До грота оставалось метров триста, когда Марина указала Диме рукой на микроскопические черточки, едва заметно перемещающиеся по верхнему цирку ледника. Напрягая глаза, поправляя друг друга, они насчитали шесть фигурок, которые двигались в совершенно нелогичном направлении: к тому борту ледника, который ограничивали с запада скальные сбросы «пилы», и откуда не было очевидного спуска в долину.
– Куда это их несет? – сам себе с недоумением задал вопрос Дима. – Это же тупик, обрыв! Они не видят маршрут или вообще ни черта не соображают!
– Надо их как-то предупредить, – забеспокоилась Марина.
– Ничего у нас не получиться. На фоне цветов мы им не видны – слишком далеко. И кричать бесполезно. Подождем, пока они спустятся ниже, тогда и покричим. А пока давай поднимемся на ледник, на светлом льду они нас скорее заметят.
– Но тогда от наших криков им уже будет мало пользы, – возразила Марина. – Справа от них скалы, под ногами ледопад, слева трещины. Чтобы спуститься в долину, им нужно будет возвращаться вверх по леднику, наверное, не меньше двух часов. А тут и солнце сядет.
– И какой леший их туда завел? Можно было бы попытаться провести их через ледопад, но до темноты тоже вряд ли успеем.
– Послушай, Дим, а тот парень, которого мы встретили полчаса назад, может быть, он из этой компании? На леднике, смотри, сколько ручьев и все со скользкими берегами. Вот там он и мог искупаться. Но ведь как-то умудрился спуститься?

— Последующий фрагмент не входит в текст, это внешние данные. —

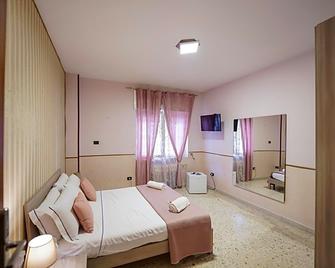 Napoli Fly Guest House 290 - 那不勒斯 - 睡房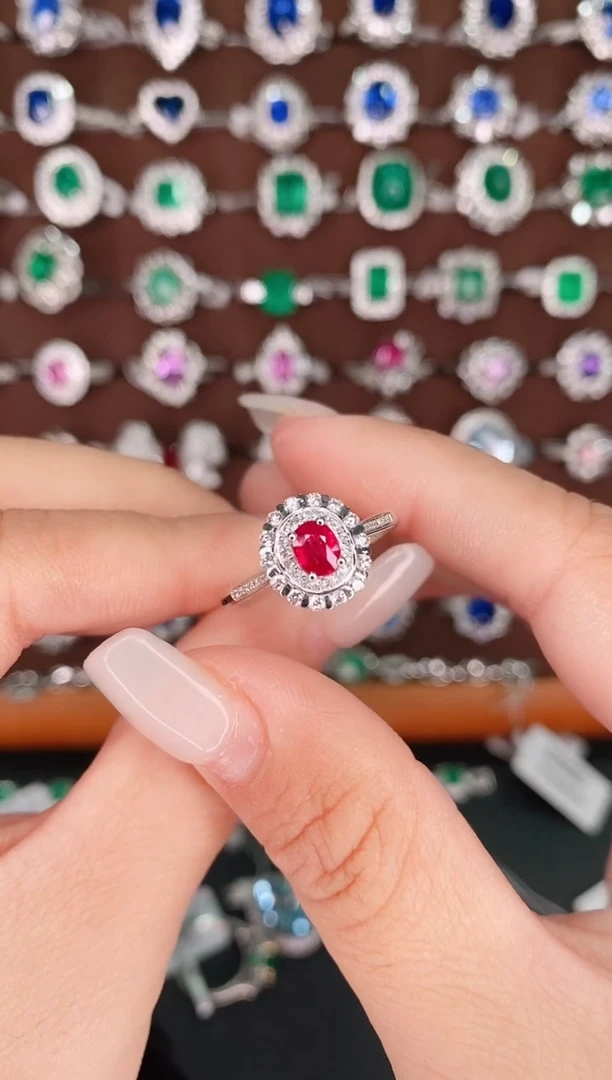 【闪购商品】红宝石18k金戒指18K金镶嵌0.55克拉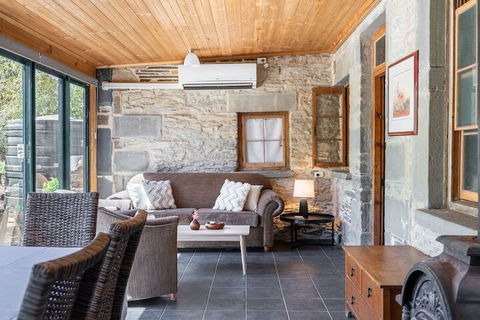 Reillys Wines Heritage Cottages - Accommodation Perth 7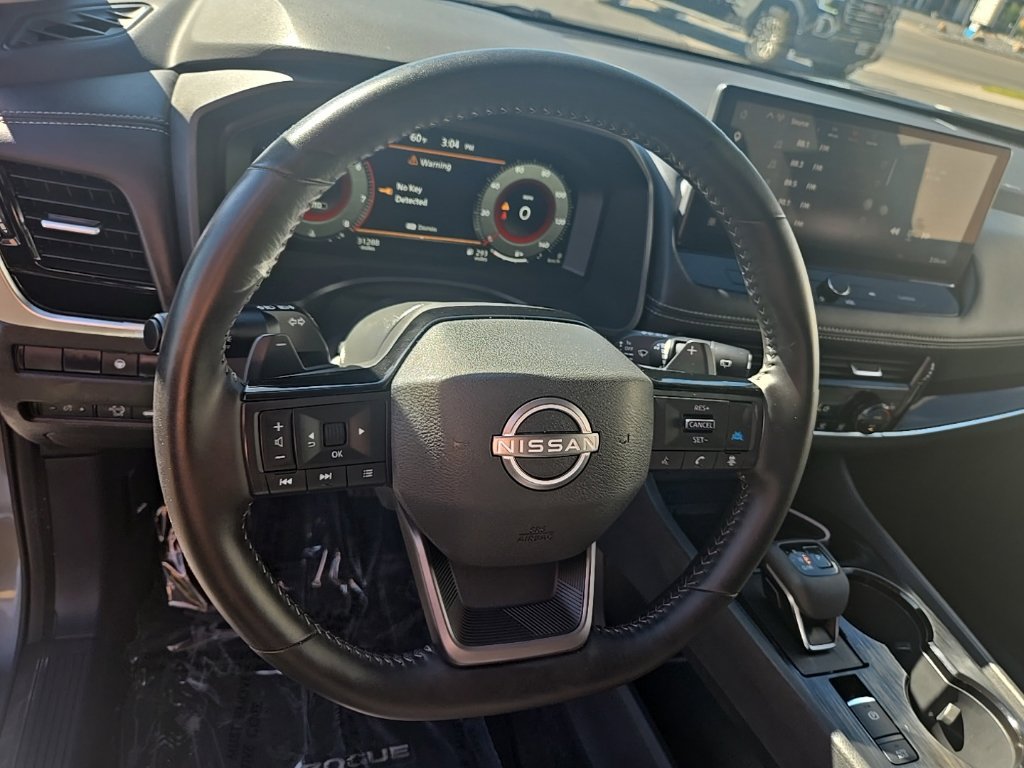 Used 2026 Nissan Rogue SL AWD/4WD image 13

– Ты умница, Маринка. А сделаем мы сейчас вот что: согласимся, что у нас с тобой прогулки без приключений не получилось. Это раз. Понятно, что у ребят наверху большие проблемы – это два. Разделимся на два отряда. Первый отряд – это ты. Второй отряд – это я. На ледник пойду я один. Ты постарайся догнать того мокрого парня и расспросить, может быть, узнаешь что-то интересное. Это три. Веди его в поселок, передавай привет Толику – главному геологу, и мою просьбу: направить четырех человек мне на помощь. Добром дело никак не кончится, видно невооруженным глазом. Это четыре и все.
Рассказ Марины
Вниз я шла быстро, потому что по тропе. Минут через двадцать увидела у реки нашего мокрого знакомого. Он сидел как куль на большом валуне и, кажется, спал. Или мне это показалось. Я ему покричала, помахала рукой, на что он не отреагировал.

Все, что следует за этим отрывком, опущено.